The conflict, widely seen as a proxy war between Riyadh and Tehran, has been locked in a bloody stalemate that has claimed some 65,000 lives and pushed 10 million people to the brink of famine, while 7 million people suffer from malnutrition.

All sides have been accused of committing atrocities. Last year, UN experts wrote a report on the Saudi-led coalition’s blockade around Yemen, blasting the coalition’s air strikes on “markets, funerals, weddings, detention facilities, civilian boats and even medical facilities”.   

The report also accused the Houthis of using child soldiers and shelling civilians.

Saudi Arabia and the UAE claim they do their best to minimise civilian deaths. Their diplomatic missions to the UN did not immediately respond to MEE’s interview requests on Monday.

Of the total $5.2bn aid money provided for Yemen last year, the UAE gave 38.3 percent while 22 percent came from Saudi Arabia and 11.5 percent from the US, according to the UN’s financial tracking service.

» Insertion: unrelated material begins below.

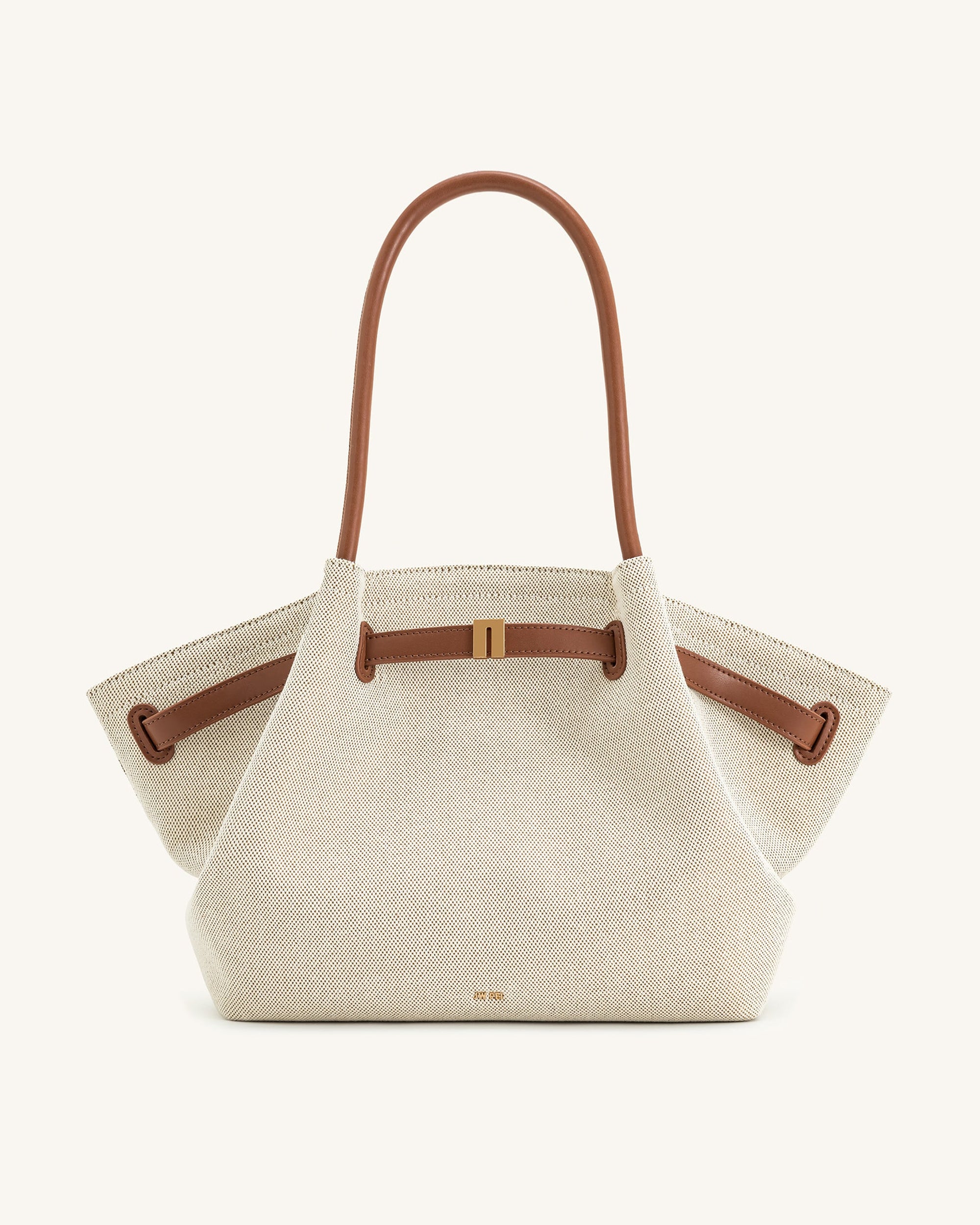 Hana Large Tote Bag - Brown Canvas | JW PEI
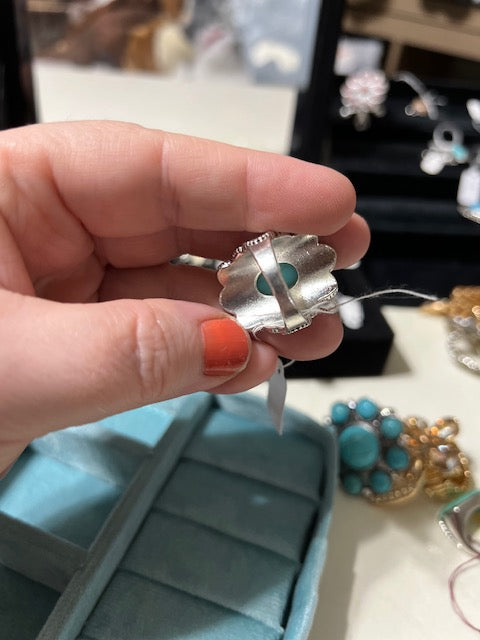 Turquoise Fashion Ring Size 6.5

Delegations from some 90 countries are expected in Geneva on Tuesday, including China and other “non-traditional” donors from the Middle East and Asia, said Bessler. He hoped to achieve more than three-quarters of the $4.2bn target.   

Envoys will hear keynote speeches from UN Secretary-General Antonio Guterres, Sweden’s foreign minister Margot Wallstrom and others and take part in sessions on tackling hunger and rebuilding Yemen’s ravaged economy.